Single by Soccer Mommy

from the album Clean
- Released: January 9, 2018
- Studio: Alex the Great Recording (Nashville, Tennessee)
- Genre: Indie rock; pop rock; power pop;
- Length: 3:14
- Label: Fat Possum
- Songwriter: Sophie Allison
- Producer: Gabe Wax

Soccer Mommy singles chronology
| "Last Girl" (2017) | "Your Dog" (2018) | "Cool" (2018) |

= Your Dog =

2018 Soccer Mommy song

"Your Dog" is a song recorded by American singer-songwriter Sophie Allison, under the moniker Soccer Mommy. The song was released on January 9, 2018 through Fat Possum Records, as the lead single from her debut studio album Clean.

==Background==
Allison wrote the song at the conclusion of a relationship. She considered herself in a "pathetic" place when writing the song, hopeful to be stronger but finding it difficult to do so. Allison said the song is about the feeling of being "paralyzed" and being used in a relationship. She explained, "The song and the video are meant to show someone breaking away and taking action, but at the same time, it's only a quick burst of motivation. It's a moment of strength amidst a long period of weakness."

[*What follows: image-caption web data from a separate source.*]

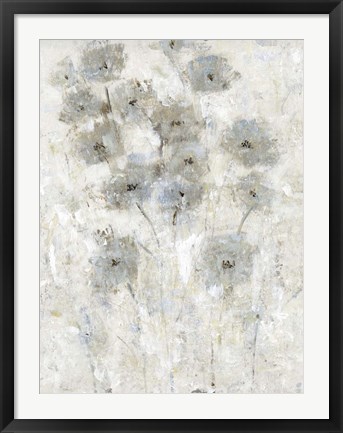 Framed Early Bloom II Print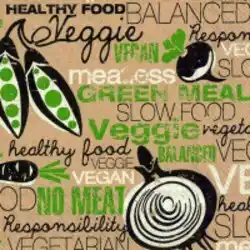 Krëfel Servetten - Veggie aanbieding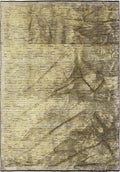 Stripe Yellow - Beige Rug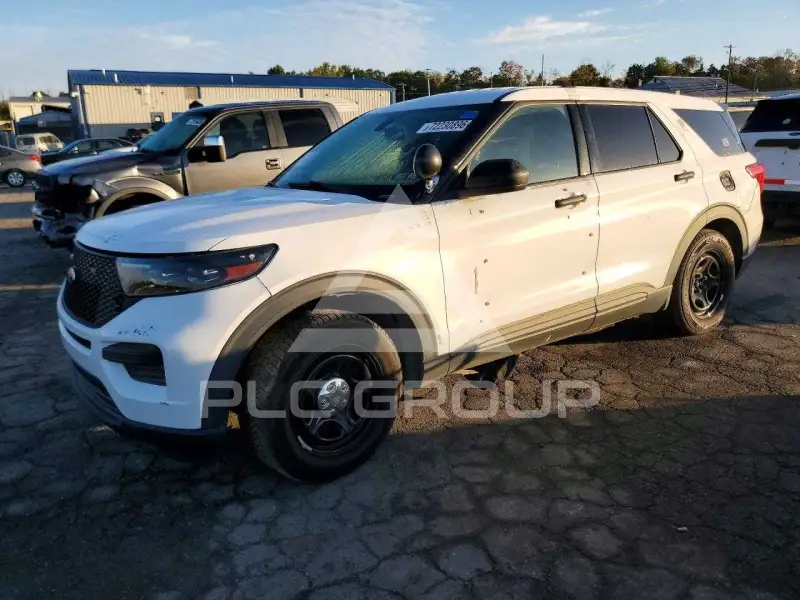 2020 Ford EXPLORER фото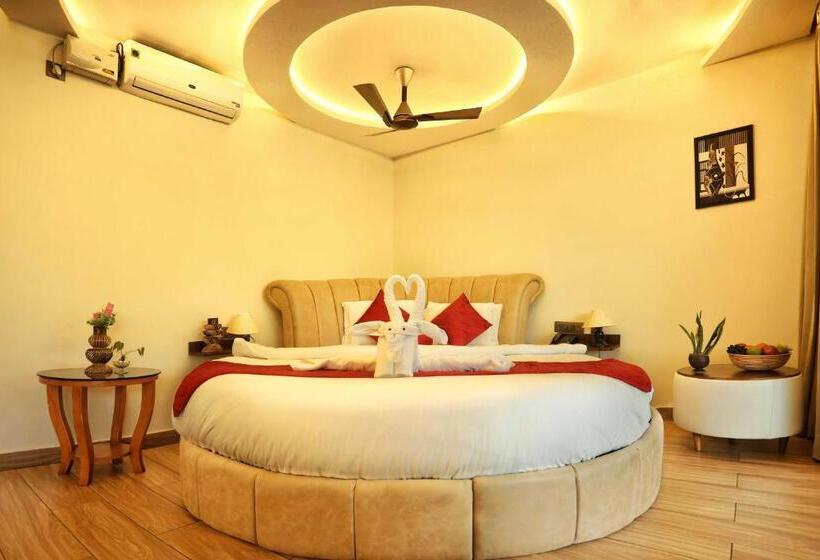 Villa 1 Quarto com piscina, Kuruva Island Resort And Spa   By Kabini Breeze, Wayanad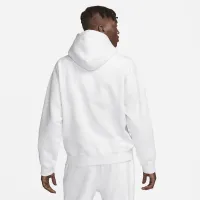 Nike Solo Swoosh мужские Fleece Pullover Толстовка с капюшоном цвет коричневый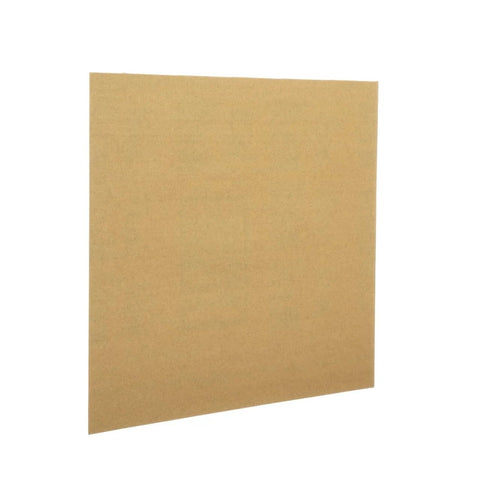 Sandpaper sheet, brown, 9x11 in, 220 grit (front view)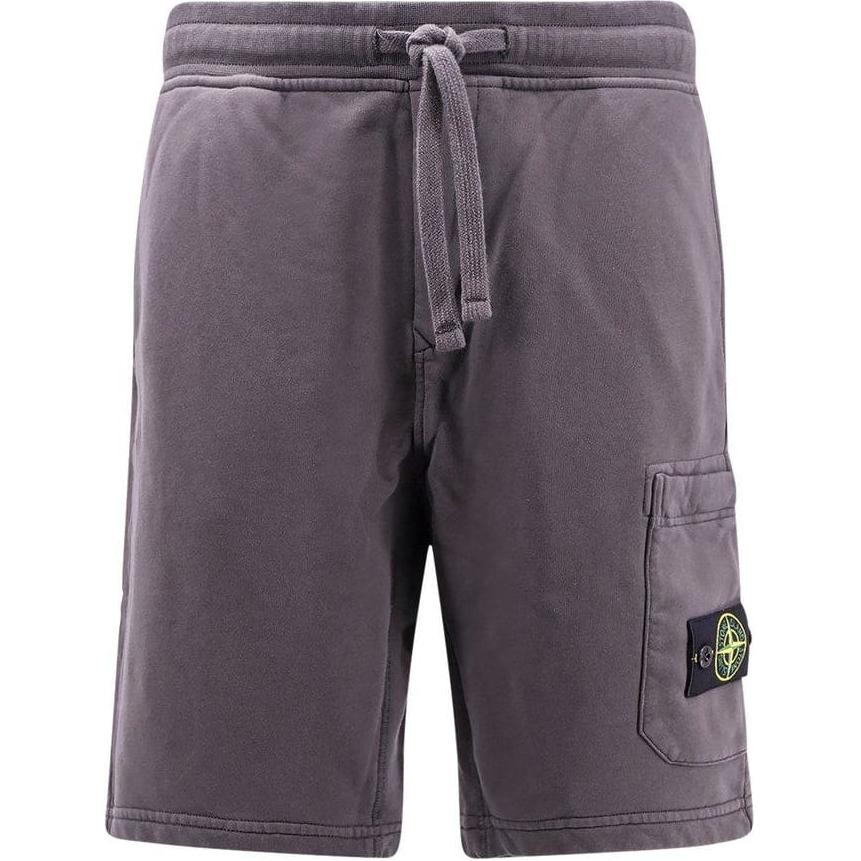 Мужские штаны Stone Island Шорты (серые)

The song's music video, directed by Weird Life, has been described by Mike Katzif of NPR as a "bleakly humorous horror flick illustrating the sudden, heartbreaking ending of a relationship which had long since soured."

==Critical reception==
NPR's Katzif extolled the tune as an "anthem suited for these times. It's a song reclaiming agency and identity taken by another other person's condescension, control and abuse." Olivia Horn at Pitchfork too labeled it an "emboldened anthem," complimenting its "charming, twisted guitar riffs" and "breathy multi-tracked vocals." Dave Simpson at The Guardian praised its "vivid, startling lyrics."